Bradley Beal joined the NBC Sports Washington broadcast on Sunday before and during the Wizards' game against the Brooklyn Nets and spoke extensively about social justice matters, which he's been actively involved in for years but even more so in recent months as the conversation has become more prevalent nationwide.
Beal began by framing the discussion around fatherhood and his two young sons. Beal has been paying a lot of attention to recent events and has been directly involved in speaking out and marching in protest. And through all of it, the future of his two sons has been heavy on his mind.
"We are African-American and we're young, Black men in this world. [They are] young Black men who won't grow up the way I grew up. So, I have to take that into consideration. At the end of the day, when I step outside of that basketball court, I'm a Black man just like everybody else," he said.
"I still have two young kings that I have to raise. I have to stay out of trouble and stay in a straightened arrow and just live accordingly. Everything I do and every decision I make is for my kids. It's not easy being in this world, especially in the time we're in."
The conversation, led by NBC Sports Washington's Chris Miller, then pivoted to the fact he has been more vocal recently about social justice issues in the wake of George Floyd's death in Minneapolis at the hands of police officers. Beal explained why he is speaking up even more now.
"It was just enough is enough," he said. "It just comes to a point where you can't accept what's going on in the world. Right is right and wrong is wrong... Let's create change in any way we possibly can and hold people accountable."
Beal highlighted the death of Breonna Taylor in Louisville, KY as an example as an injustice that has been on his mind. Taylor was killed by police officers in her home and those who were responsible for her death have not been charged.
"Breonna Taylor's murderers are still not arrested. To me, that is mind-boggling. But you can arrest her husband, who was clearly just defending his family. It's backwards, so we have to correct that. As a Black society, that's something that we deal with and something that we face. But it's amazing that other people in the world are now become awoke to it and really doing something about it and just taking a stand," Beal said.
Beal went in-depth on the Wizards and Mystics' march together on June 19 in Washington and how the players and organizations are hoping to open Capital One Arena as a polling place for the election in November.

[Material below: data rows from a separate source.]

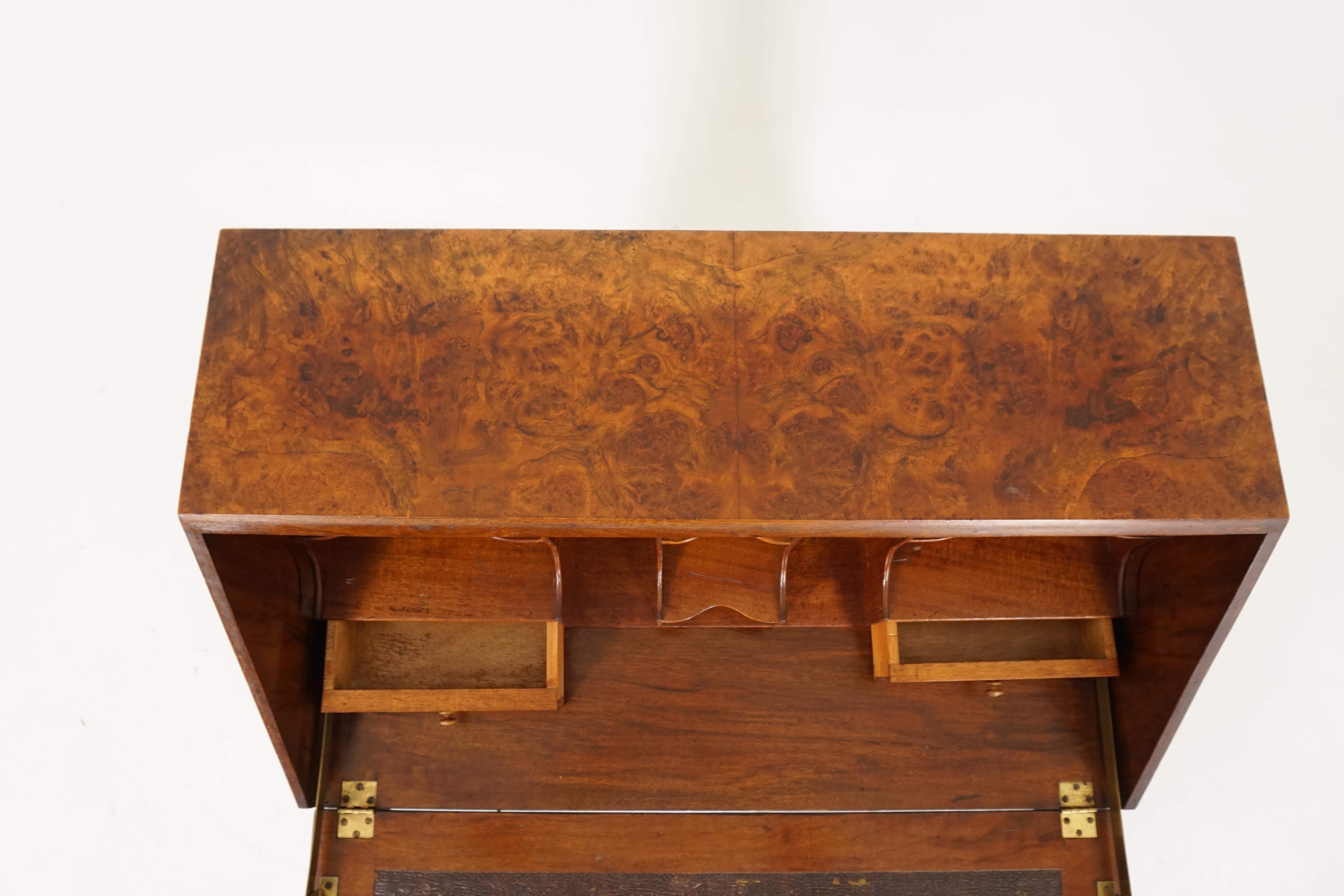 Hand-Crafted Antique Writing Desk, Burr Walnut Ladies Slant Front Desk, Scotland 1920, B1821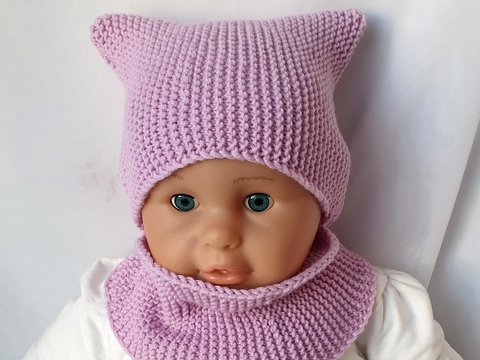 Strickanleitung Schalmütze, Schlupfmütze, ca. 6 - 12 Monate, Anfänger  #280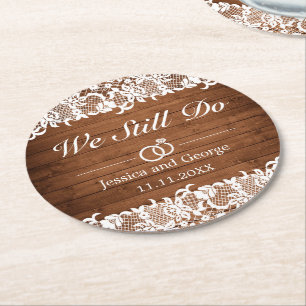 Porta-copo De Papel Redondo Aniversário do Casamento Rustic Wood & White Lace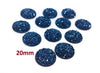 CA620 - 10 pcs Druzy Resin Embellishment Cabochons Dark Blue - 20mm - Dome Style
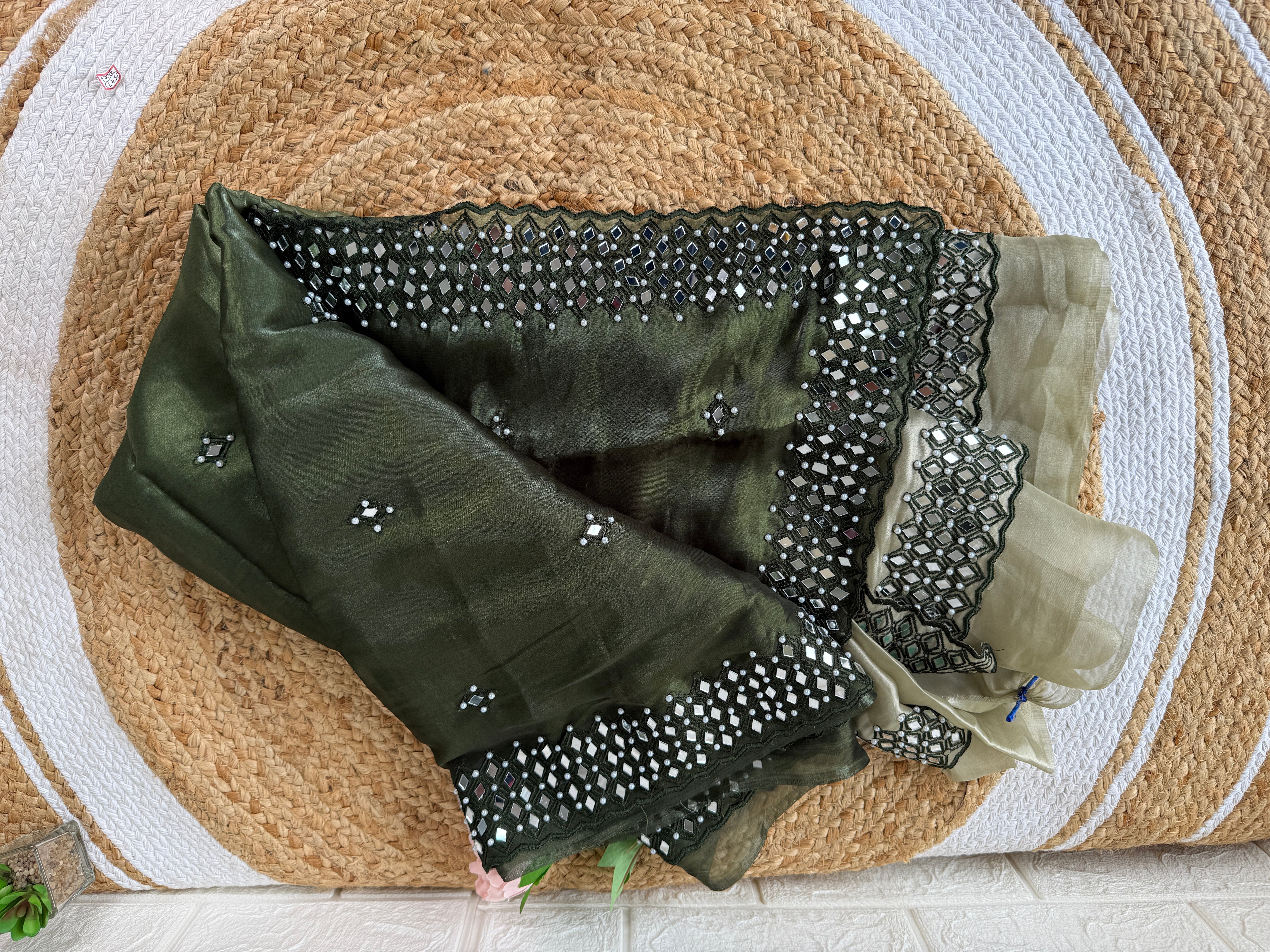 Organza Dual Color Saree With Mirror Work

Monumental Sports has outlined a series of initiatives involving social justice, many of them dealing with voting rights and mobilization.
Beal sees a lot of potential to make change with his teammates.
"We're in the most powerful city in the world. We're right here where we can affect change right in our own backyard. We have the resources, we have the abilities, we have voices and we're going to continue to utilize them," he said.